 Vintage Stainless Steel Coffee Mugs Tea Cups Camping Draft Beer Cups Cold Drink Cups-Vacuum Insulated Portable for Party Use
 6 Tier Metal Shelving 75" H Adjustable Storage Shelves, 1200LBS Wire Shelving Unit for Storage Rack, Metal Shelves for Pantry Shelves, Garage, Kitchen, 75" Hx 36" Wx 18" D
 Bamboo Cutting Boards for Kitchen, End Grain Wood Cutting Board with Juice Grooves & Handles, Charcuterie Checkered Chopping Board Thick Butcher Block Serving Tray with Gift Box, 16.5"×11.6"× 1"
______________________________
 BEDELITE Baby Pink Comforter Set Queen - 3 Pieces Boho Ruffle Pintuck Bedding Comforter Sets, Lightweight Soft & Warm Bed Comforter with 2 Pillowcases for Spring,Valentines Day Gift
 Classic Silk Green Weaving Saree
______________________________
The listing above holds a line with "Vintage Stainless Steel" and a line with "Bamboo Cutting Boards". Print the stretch from the first through the second, exactly and alone.

 Vintage Stainless Steel Coffee Mugs Tea Cups Camping Draft Beer Cups Cold Drink Cups-Vacuum Insulated Portable for Party Use
 6 Tier Metal Shelving 75" H Adjustable Storage Shelves, 1200LBS Wire Shelving Unit for Storage Rack, Metal Shelves for Pantry Shelves, Garage, Kitchen, 75" Hx 36" Wx 18" D
 Bamboo Cutting Boards for Kitchen, End Grain Wood Cutting Board with Juice Grooves & Handles, Charcuterie Checkered Chopping Board Thick Butcher Block Serving Tray with Gift Box, 16.5"×11.6"× 1"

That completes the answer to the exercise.